Next up was finding a more modern newel post. We were originally going to purchase one, but after looking at prices, we quickly changed our minds.

Instead, we found scrap pieces of MDF leftover from other projects and came up with our own design.

We started building around the existing post so we didn’t have to buy anything.

We secured it with the original screws before putting the front piece on. Then we continued building out from there.

When we first came up with the design, I didn’t realize how many layers it would take! This thing weighs a ton I’m sure.

To finish, we decided to keep it flat on top. That square was the last piece we added.


We picked up a new handrail so I didn’t have to deal with deglossing and sanding the finish off of the old oak one. This project would have cost even less if I’d used the existing handrail, but I knew I’d be painting it white, so we forked over the $80.

Then we put a piece of MDF along the bottom, just above the trim. And before securing the handrail, we put another piece of MDF along the wall.

We picked up these square balusters at Home Depot for around $5 each. They’re 1 1/4 inches wide.

The general rule of thumb is to keep balusters less than 4 inches apart. So the first step was to figure out our spacing. And since I don’t like complicated math problems, I got real “technical” and cut up a bunch of 1 1/4 inch pieces of painter’s tape.
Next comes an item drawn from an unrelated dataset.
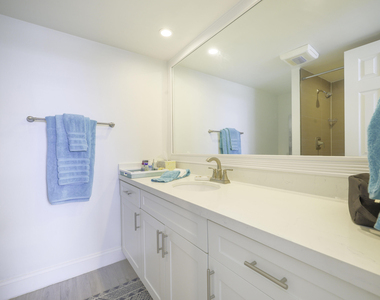 601 N Ocean Boulevard - Photo Thumbnail 8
We spaced them out on the bottom piece of MDF until we got it right. Then we marked it all out in pencil. Our spacing came out to around 3 3/4 inches.

Then it was time to put in the balusters! We started at the newel post and worked our way up from there.

The process was pretty simple, but it took a lot of very careful measuring.

An important tip when redoing stairs is to cut everything one at a time, measuring as you go. So that’s what we did.

First, we measured a spacer (that came with the handrail) and cut it. The first and last spacers were slightly different, but the rest were all 3 3/4 inches.

Starting at the newel post, we nailed a spacer to the handrail.

Next, we measured a baluster and cut the bottom at an angle. Then we placed it against the spacer and used a leveler to make sure the baluster was straight.

Then we cut the top at an angle. (For each angle, we just marked with a pencil and started from there, adjusting as we needed.)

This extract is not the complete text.